Über das Auf und Ab einer Fernbeziehung

Lisa und Robert leben seit eineinhalb Jahren in einer Fernbeziehung. Als Liebespaar.

Dazu Lisa: „Ich erlebe unsere Fernbeziehung als spannend, abwechslungsreich, belebend. Es gibt auch Momente wo sie belastend und hinderlich ist. Wenn beide es ernst meinen, sind für mich zwei Voraussetzungen wichtig: Vertrauen und Treue.“

Robert: „Das sehe ich auch so. Ich bin glücklich dass ich über den digitalen Weg Lisa gefunden und dass wir beide unsere Liebe entdeckt haben. Mir ist wichtig dass wir die Verbindlichkeit in unserer Beziehung spüren und dass wir uns das in Worten und auch körperlich immer wieder bestätigen.

Beide kennen den „Lichtblick am Ende der Woche“, genießen bewusst die Zeit miteinander als „Sternstunden“, sie gestalten diese wertvolle Zeit zu zweit.

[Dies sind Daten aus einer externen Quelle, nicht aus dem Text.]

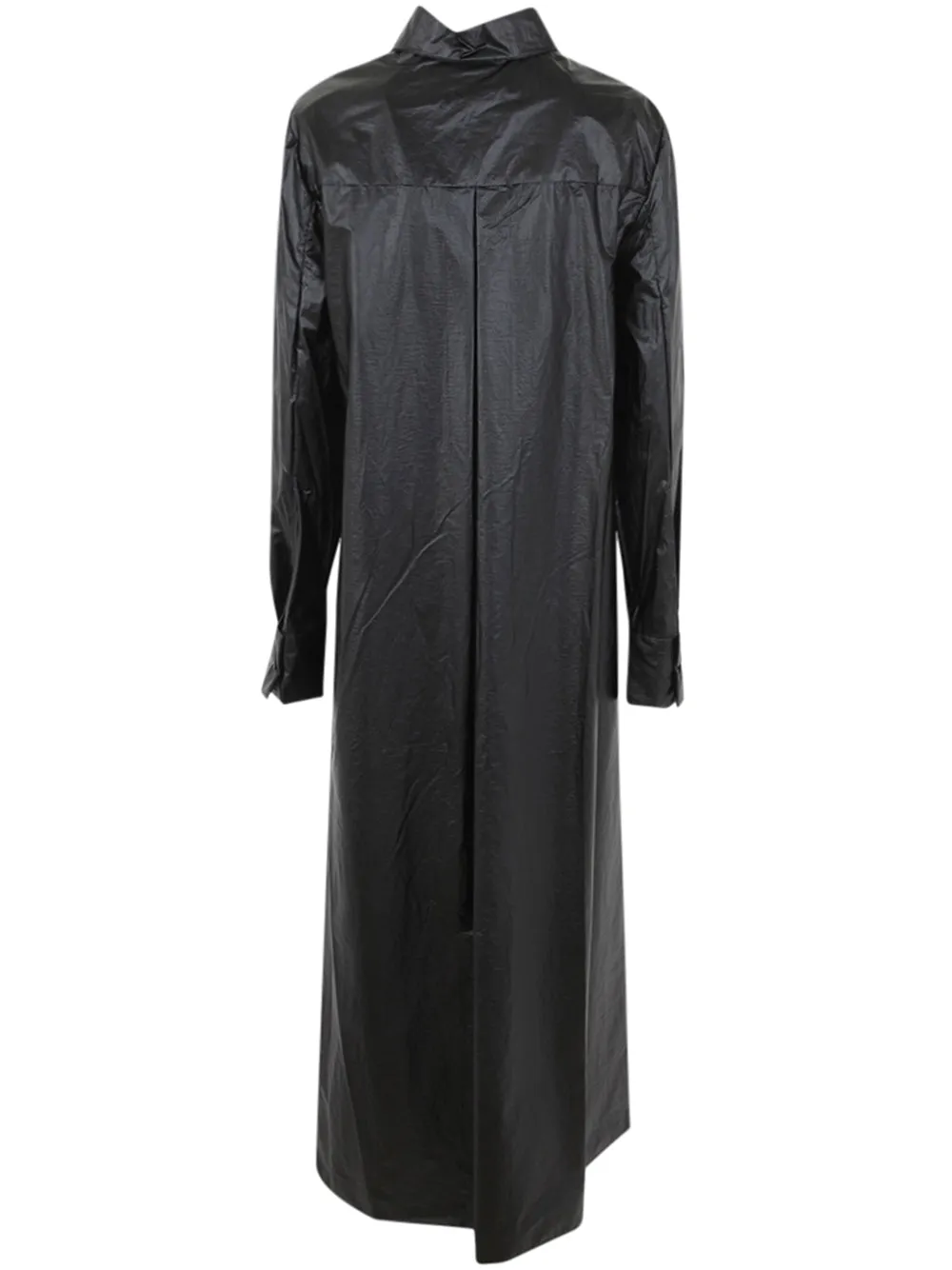 WRAP CHOC PARACHUTE SHIRT sold by Lord & Taylor product image thumbnail 2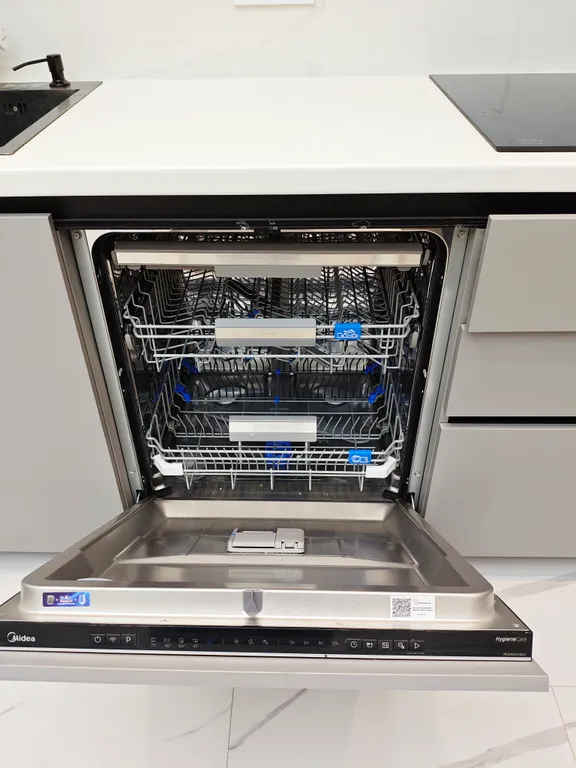 Комфортабельная квартира с дизайнерским ремонтом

Sie kennen aber auch den Druck, möglichst viel hineinzupacken in die kurze Zeit des Beisammenseins, den „Zeitstress“. Und sie kennen die Angst, dass die Beziehung zu kurz kommt durch die Trennungszeiten und den Alltag dazwischen.

Warum führen so viele Paare Fernbeziehungen?

In Deutschland lebt laut Studien etwa jedes achte Paar eine Fernbeziehung, mit steigender Tendenz. In Österreich dürfte es ähnlich sein. Die Liebe auf Distanz ist also gar nicht so selten. Warum eigentlich? Vor Jahren noch waren es vor allem Studenten, die sich auf Fernbeziehungen einließen, aber da es heutzutage nötig ist, mobil und flexibel zu sein, gibt es in allen Altersklassen immer mehr Fernbeziehungen. Hinzu kommt, dass unabhängig vom Alter Online-Dating immer selbstverständlicher wird, wodurch sich der Such-Radius automatisch erweitert.

 

Wikipedia definiert so:

Fernbeziehungspaare sind Paare, die ihre Beziehungen über räumliche Distanzen hinweg führen. Unabhängig von Gründen oder Ursachen für die typischerweise getrennten Haushalte besteht zwischen allen Fernbeziehungspaaren die Gemeinsamkeit, dass der Beziehungsverlauf durch einen ständigen Wechsel von Trennungszeit und gemeinsamer Zeit bestimmt wird. Von zentraler Bedeutung ist das Selbstverständnis des Paares: Fernbeziehungspaare sehen sich nicht als „Affären“ oder „Liebschaften“ neben evtl. anderen bestehenden Beziehungen, dies kann aber in manchen „Fällen“ sein

 

Wie oft sollte man sich in einer Fernbeziehung sehen?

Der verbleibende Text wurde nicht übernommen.